Brian: I didn’t purchase a Brian yet. In fact my wallet is a little bit thin, but I do hear that they are 79.99 at Walmart. Look I don’t know who Heather Kappes’ boyfriend Brian is, hell I barely have a grasp on who Heather is…but her boyfriend looks like the nicest fucking guy I’ve ever seen. Seriously, I’ve never seen someone that I have to go out with (with a penis I presume) more than this guy. He makes me feel all better about myself. Shit! It’s not even possible for this guy to make me feel so happy. His smile is like leaking LSD or something. I’m definitely not going to switch hit, but I have this feeling that Brian is going to take Perseo’s place as my non-celebrity man-crush. If I could smile like him, I wouldn’t pay for anything. How the hell does anyone charge him for anything??? Do you think if he strolls into the Empire Diner at 4 am, that someone is gonna whack him with a bill for 24.99? Please!! He’s that warm and friendly looking.

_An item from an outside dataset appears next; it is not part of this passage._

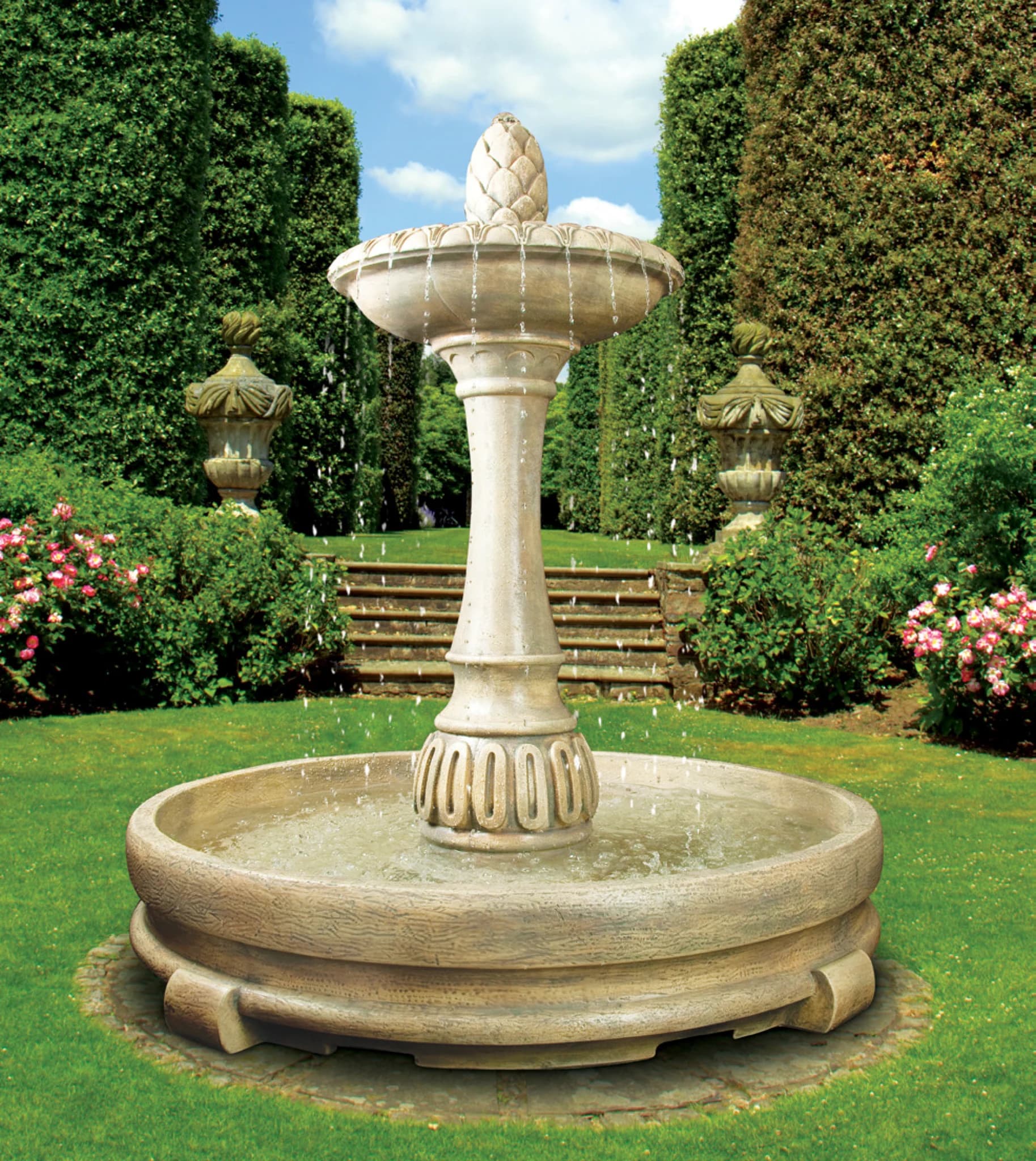 Riviera Fountain in Rondo Pool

I’m all about the Brian. Of course, now that I see he scored a Heather, I kinda want a Heather too. I mean what kind of girl gets a Brian? She’s gotta be made of diamonds or something. Now I’m all over her if things don’t work out with Brian. And If I ended up sleeping with her, I would politely ask her to call me Brian. Of course, I would never root for someone to lose a relationship with Brian. I wish them luck.
Sorry Perseo, I’ve found another. But I do hope that Jessica finds her ring.
I’m done plugging products, even though I didn’t plug anything. Don’t spend your money on shit. Like why would I get obsessed with vinyl LP’s again? Who gives a fuck if they are warmer? I’ve been jamming to a low-grade iPod music selection for 3 years plus. I need a drink, if I was only allowed to.
Now commence the gay comments about my Brian crush. But be aware, Shmere promised to punch you in the face if you screw with me. So there.
Blah, blah, this one sucked butt-hair.